Maritime surveillance capability with P-8A Poseidon

Long range airborne maritime patrol has always been a key capability for Australia’s defence strategy, so the acquisition of the P-8A Poseidon LRMP aircraft to replace the ageing AP-3C Orion is regarded as a significant advancement in capability – and it fits well with the future networked force paradigm under Plan Jericho. The first Boeing P-8A Poseidon for the RAAF will be on display at Avalon 2017.

Australia is buying 12 Poseidons, with an option for a further three. Together with the unmanned Northrop Grumman MQ-4C Triton, Poseidon will be an important element of future RAAF airpower capability.
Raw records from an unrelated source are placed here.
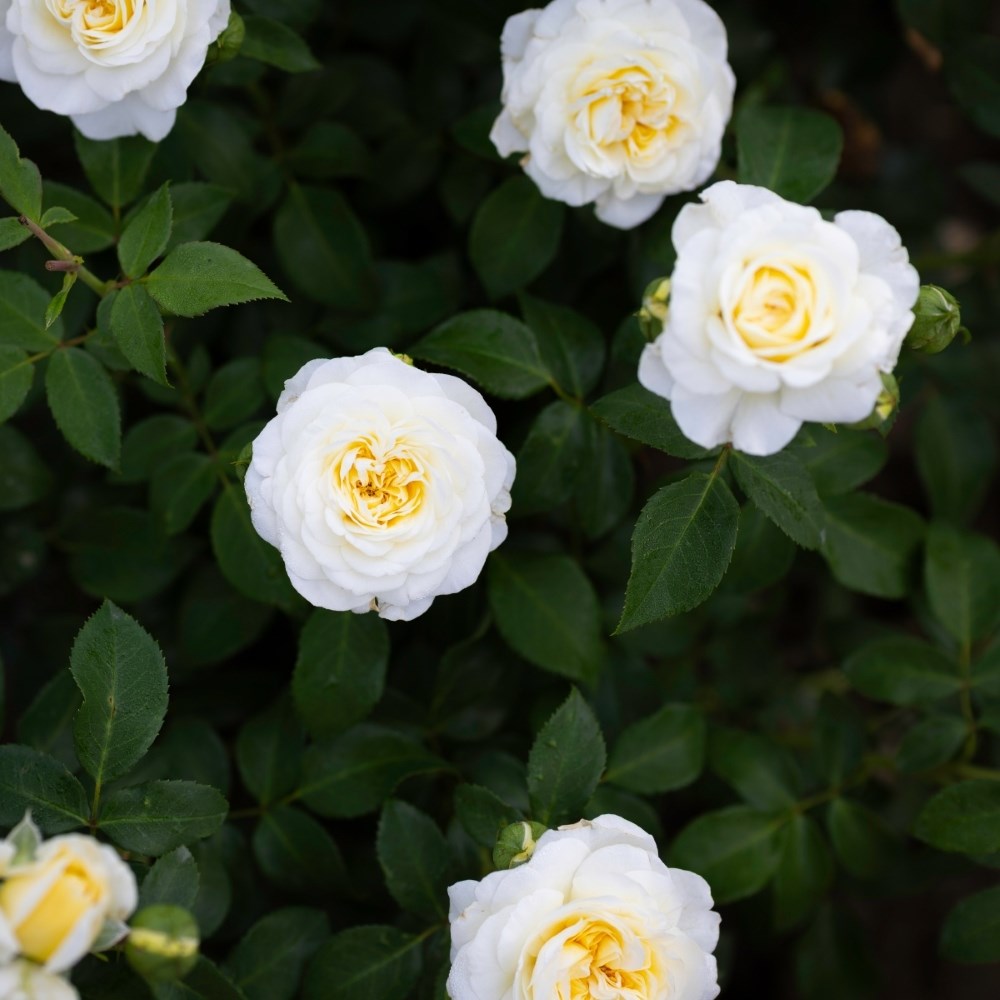 <i>Rosa</i> <b class=small-caps>Lady Romantica</b> ('Meiperette') | Floribunda Bush Rose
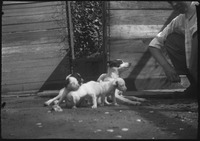 Puppies and large dog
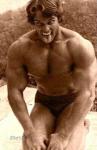 arnold_3.jpg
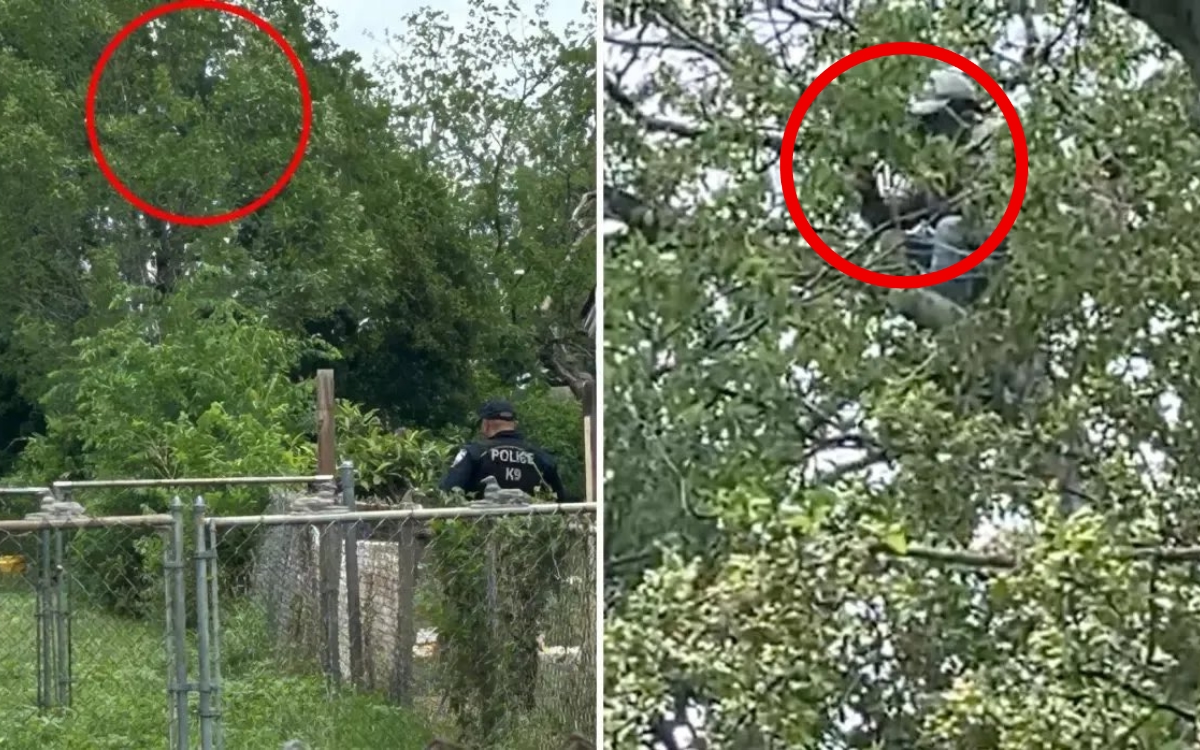 Video | Migrante pasa ocho horas trepado en un árbol para no ser arrestado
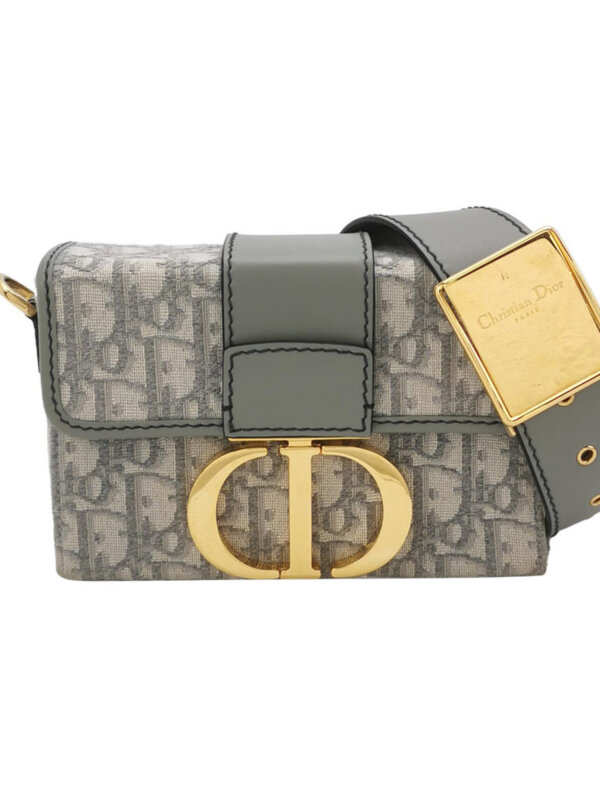 Dior 30 Montaigne Mini Oblique CD — продано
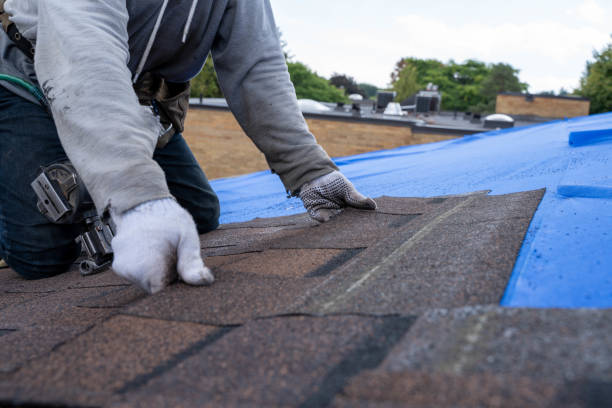 Best Roof Moss and Algae Removal  in Lovejoy, GA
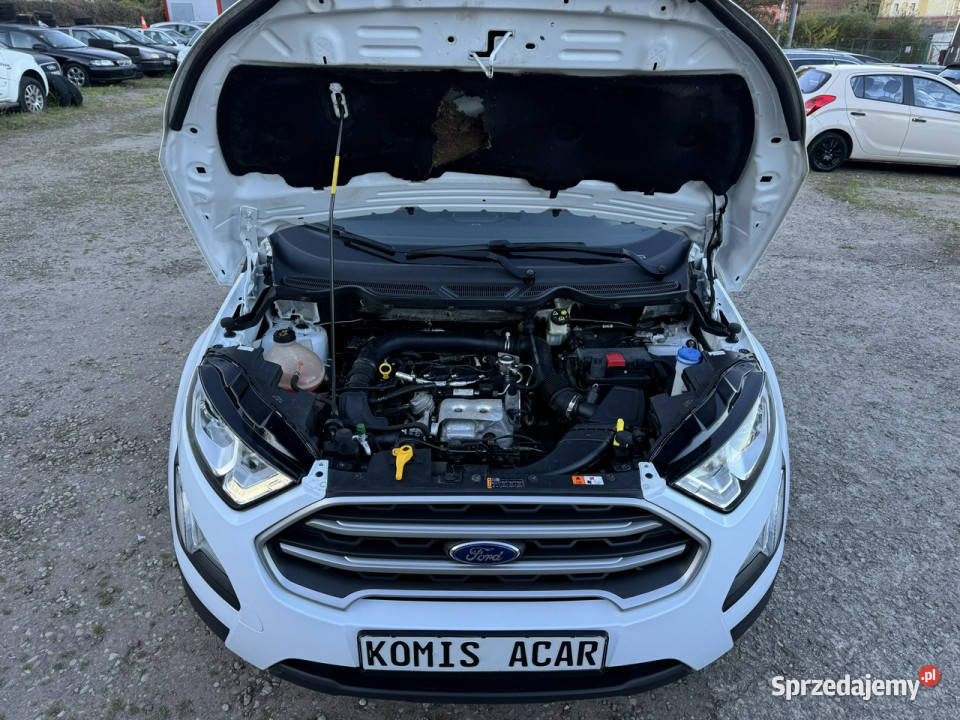 Ford EcoSport SUV Szczecin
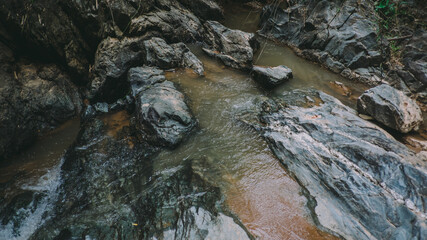 The river runs through the middle of the valley in the forest.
Poseidon is much more than just a replacement for the Orion; its sensors and mission systems architecture are highly integrated and offer unprecedented levels of situational awareness. As such, Poseidon forms an important part of Air Force’s so-called 5th generation force and, because Australia elected to be involved in the US Navy operational development programme, future upgrades will take into consideration specific Australian requirements.

The first Australian Poseidon touched down in Canberra in November last year. Chief of Air Force, Air Marshal Leo Davies described the Poseidon’s capability as, “A real piece of the ‘puzzle’ that is going to be a fifth generation Air Force.”

Project Air 7000

Both Poseidon and Triton are being acquired under the Air 7000 program, with Phase 2B being the manned P-8A element. The broader Air 7000 programme parallels what was known as the US Navy’s Broad Area Maritime Surveillance (BAMS) plan.

Programme objectives are to replace the AP-3C and undertake Australian Defence Force Maritime Intelligence, Surveillance, Reconnaissance and Response (MISRR) tasks. While focused primarily on MISRR, Poseidon and Triton will also support overland Intelligence, Surveillance and Reconnaissance (ISR) plus Electronic Support (ES) roles.

Australia has been a partner in the US Navy’s P-8A programme since 2009, leading to a $5.4 billion deal for the aircraft and support facilities.
The intention to keep Australia’s P-8As fleet as common as possible with US Navy equivalents, to the extent that the only real difference between the two are the external markings.